So, does your brother or sister get any kind of attention? Does he always get everything he wants, while for you it's a constant struggle? Having parents who favoritism can be a very difficult situation, especially if you don't get the attention.
Steps
Step 1. Determine if it is indeed favoritism by evaluating the situation from each point of view
Your parents may relate to your siblings differently and act differently with them, but they don't necessarily prefer them to you. They may not realize that their behavior arouses this feeling of yours.
Step 2. Make a list of examples of how they show their love and how they make you feel
It can be a mental list or a real list to use later when you talk to them. Try writing particular examples to support what you are going to say.
Step 3. Confront your parents when they are both calm
Ask if you can talk to them about something important and make sure you don't use an accusatory tone.

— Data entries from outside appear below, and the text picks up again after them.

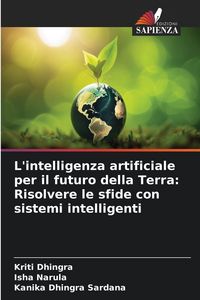 Produktbild: L'intelligenza artificiale per il futuro della Terra: Risolvere le sfide con sistemi intelligenti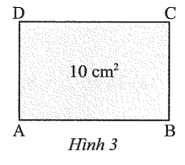 Cho hình chữ nhật ABCD có diện tích bằng 10 cm^2 và tỉ số giữa hai cạnh kề nhau AB : AD = 3 : 2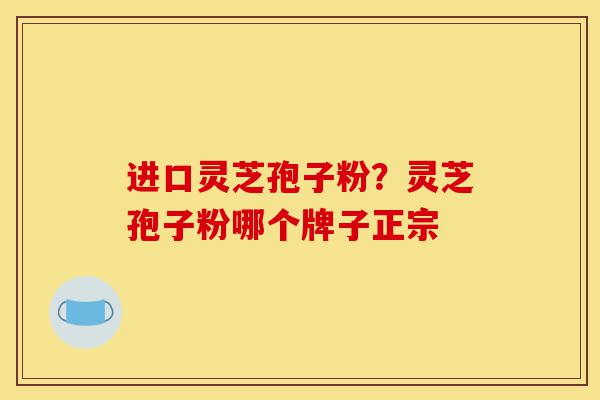 进口灵芝孢子粉?灵芝孢子粉哪个牌子正宗-第1张图片-灵芝之家 进口灵芝孢子粉?灵芝孢子粉哪个牌子正宗-第1张图片-灵芝之家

Step 4. Explain how you feel, using examples that confirm what you say
Remember not to get angry and not to use examples as accusations. If you get nervous, they may fall silent and stop listening. Your goal is to make it a confrontation where everyone will be able to express their point of view, and not a one-sided reprimand in which to blame what you think are their mistakes.

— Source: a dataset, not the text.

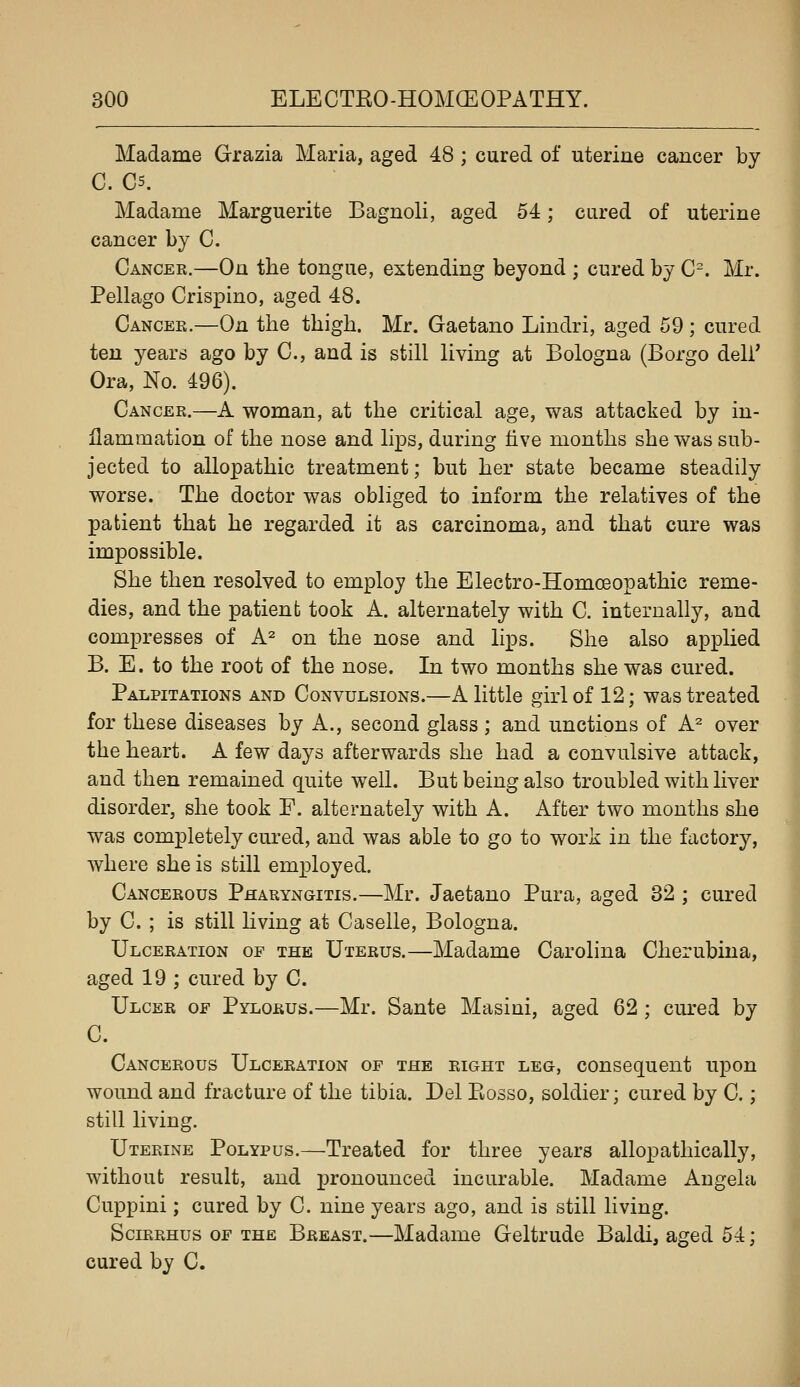 Madame Grazia Maria, aged 48 ; cured of uterine cancer by C. C5. Madame Marguerite Bagnoli, aged 54; cured of uterine cancer by C. Cancer.—On the tongue, extending beyond ; cured by C^. Mr. Pellago Crispino, aged 48. Cancer.—On the thigh. Mr. Gaetano Lindri, aged 59; cured ten years ago by C, and is still living at Bologna (Borgo deli' Ora, No. 496). Cancer.—A woman, at the critical age, was attacked by in- flammation of the nose and lips, during five months she was sub- jected to allopathic treatment; but her state became steadily worse. The doctor was obliged to inform the relatives of the patient that he regarded it as carcinoma, and that cure was impossible. She then resolved to employ the Electro-Homoeopathic reme- dies, and the patient took A. alternately with C. internally, and compresses of A^ on the nose and lips. She also applied B. E. to the root of the nose. In two months she was cured. Palpitations and Convulsions.—A little girl of 12; was treated for these diseases by A., second glass ; and unctions of A^ over the heart. A few days afterwards she had a convulsive attack, and then remained quite well. But being also troubled with liver disorder, she took E. alternately with A. After two months she was completely cured, and was able to go to work in the factory, where she is still employed. Cancerous Pharyngitis.—Mr. Jaetano Pura, aged 32 ; cured by C. ; is still hving at Caselle, Bologna. Ulceration of the Uterus.—Madame Carolina Cherubina, aged 19 ; cured by C. Ulcer of Pylorus.—Mr. Sante Masini, aged 62 ; cm-ed by C. Cancerous Ulceration of the eight leg, consequent upon wound and fracture of the tibia. Del Rosso, soldier; cured by C.; still living. Uterine Polypus.—Treated for three years allopathically, without result, and pronounced incurable. Madame Angela Cuppini; cured by C. nine years ago, and is still living. Scirrhus of the Breast.—Madame Geltrude Baldi, aged 54; cured by C.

Step 5. End the discussion if the tones change
Parents may not want to listen and may get angry when they hear that they are doing favoritism. If they don't listen and they get nervous or if you get angry, keep the discussion from becoming an argument.
Step 6. Don't scold yourself or your siblings
Jealousy can lead you to blame your siblings, while anger can lead you to blame yourself. However, the accusations don't resolve the issue and tend to over-focus you on the grudge you harbor.
Step 7. Commit to yourself, not your parents
Avoid seeking their approval in everything and pretending that they are always proud of you. This attitude will help you understand that not being the "favorite" does not mean that you are worth less.
Step 8. Keep a personal journal to let off steam
Sometimes the anger comes and you feel the need to let off steam. Don't worry, just express how you feel so you can get over the problem.
Step 9. Become more independent
Parents can be hard to deal with when they shower their siblings with money and gifts, while you get troubled when you ask them for something. If you are old enough, look for a job to earn what you need. Spend more time outside the home in a more welcoming and supportive environment.
Advice
- If your parents play favoritism, it doesn't mean that the rest of the siblings are better than you. Don't let this thought hurt your self-esteem.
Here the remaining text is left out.